Una mirada artística a l’Evangeli del Diumenge, un gentilesa de l’Amadeu Bonet, artista.
Lectura Espiritual
LA MUERTE (1)
El grito y el silencio son los dos polos de la vida espiritual.
El mayor dilema existencial no es simplemente la muerte, sino la muerte del hijo: no sólo morir a uno mismo, sino a la propia obra. Morir al hijo es morir a lo que más se quiere. Quien muere en la cruz no es el ego, sino el yo profundo; no se muere sólo a lo malo, sino también a lo bueno. Muere el yo (el testigo) para que renazca Dios (el Testigo del testigo).
Este dilema de la cruz -síntesis de todo el cristianismo- tiene su presagio en la historia de Abraham: Toma a tu hijo único, a tu querido Isaac, vete al país de Moria y ofrécemelo allí en sacrificio en uno de los montes que yo te indicaré (Gn 22,1-18). Abraham -lo sabemos- no retuvo para sí su condición de padre, sino que la entregó. No se identificó con la hermosa misión de la paternidad -que, por otra parte, era Dios mismo quien le había concedido. Fue así, renunciando a lo que más quería, como accedió a la paternidad no ya sólo de Isaac, sino de una generación de creyentes tan incontable como las estrellas. Le guste o no, con estos precedentes todo cristiano tiene un norte muy claro: el sacrificio.
La cruz es la mejor imagen simbólica de Cristo y, por ello, la señal del cristiano. El palo horizontal apunta a la humanidad; el vertical a la divinidad; el cruce entre ambos es, precisamente, lo que Cristo representa: la unión entre el hombre y Dios, la posibilidad del encuentro. Todo camino espiritual busca, de un modo u otro, ese encuentro.

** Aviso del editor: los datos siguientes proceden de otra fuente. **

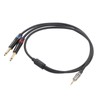 3.5mm 1/8 Inch Male to Dual 6.35mm 1/4 Inch TS
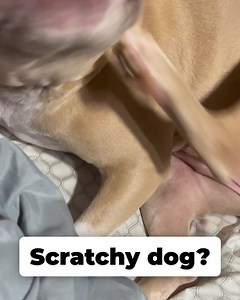 If your dog gets scratchy or licks their paw then you should definitely checkout PetLab Co's Probiotic chews! | PetLab Co.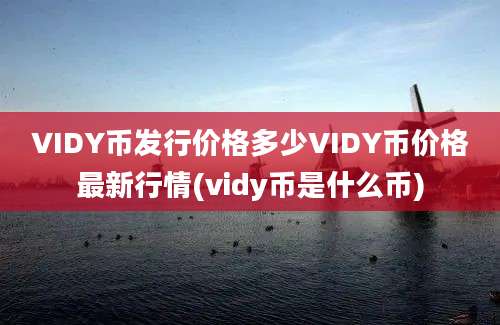 VIDY币发行价格多少VIDY币价格最新行情(vidy币是什么币)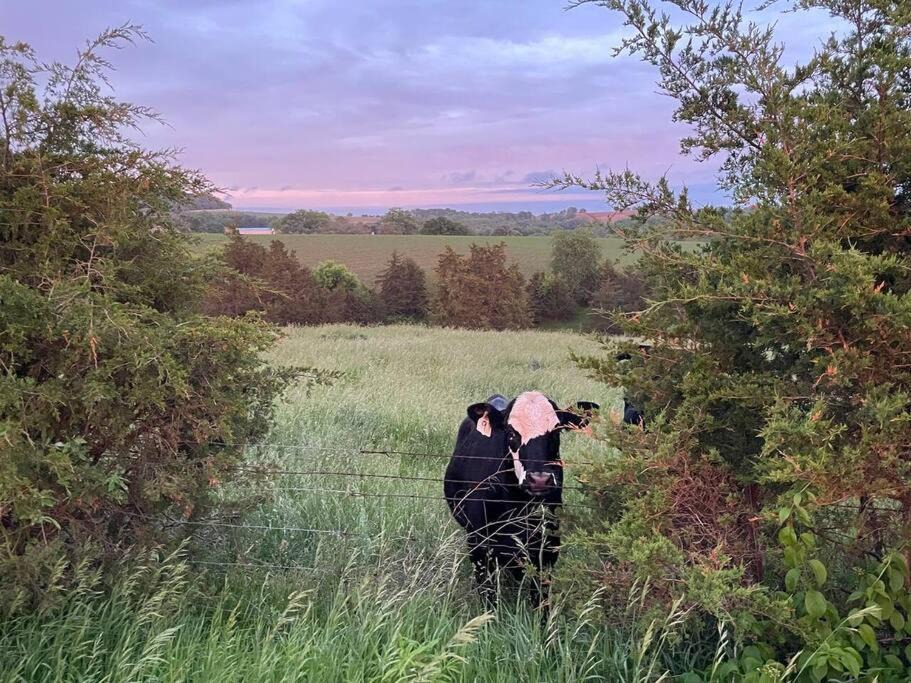 Photo of Others in The Galena Territory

Traicionar cualquiera de los dos polos dejaría insatisfecho al corazón humano, tan hermosamente mundano como ineludiblemente espiritual.
Ahora bien, la cruz es también, y por definición, un instrumento de tortura, lo que significa que ese encuentro entre el hombre y Dios, entre el mundo y el espíritu, no se realiza sin dolor. Más aún, significa que el dolor es el camino para el amor. Significa que la gloria se juega en la cruz, en cómo se vive la cruz. Jesús la vive perdonando: Perdónalos porque no saben lo que hacen (Lc 23,34), dice. La razón que avala ese perdón es la ignorancia: no saben lo que hacen. Ahora bien, esa ignorancia no debe esgrimirse como causa eximente y, en último término, como justificación. Más que como escusa, nuestra ignorancia debería servirnos para estimularnos a intensificar el trabajo espiritual.
Los cristianos afirman que Jesús muere para redimir el pecado del mundo, ¿qué significa esto? Porque esto del pecado nos suena oscurantista y anticuado y, sin embargo, en el camino espiritual siempre surge un momento en el que hemos de sumergirnos en el pecado del mundo. Es un momento en el que finalmente se hace uno cargo de la monstruosidad del mal, de su alcance, de la desdicha de la siembra… es un momento en que se percibe el horror del que se forma parte y al que se contribuye con el propio egoísmo, la soberbia, la indiferencia, la impiedad… Todo esto puede sonar exagerado o incómodo; pero lo cierto es que, a mayor luz, mayor sensibilidad también para la sombra y, en consecuencia, mayor compasión. Esa compasión no es mera condescendencia (un movimiento de arriba abajo), sino asunción del dolor ajeno y -muy importante también- ofrecimiento del propio.
Este doble ejercicio (asumir y ofrecer), gracias al cual se realiza la redención, posibilita experimentar la alegría en la tribulación. ¿Alegría en la tribulación? ¿Nos hemos vuelto locos? ¿No es esto contradictorio, acaso perverso? Lo extraordinario es que todo esto sucede realmente, no es una teoría; y sucede a personas que, mientras tanto, viven una vida en apariencia normal. Pero la normalidad es siempre una ficción. Siempre estamos cayendo o subiendo, colaborando con la fuerza de la gracia o con la de la oscuridad.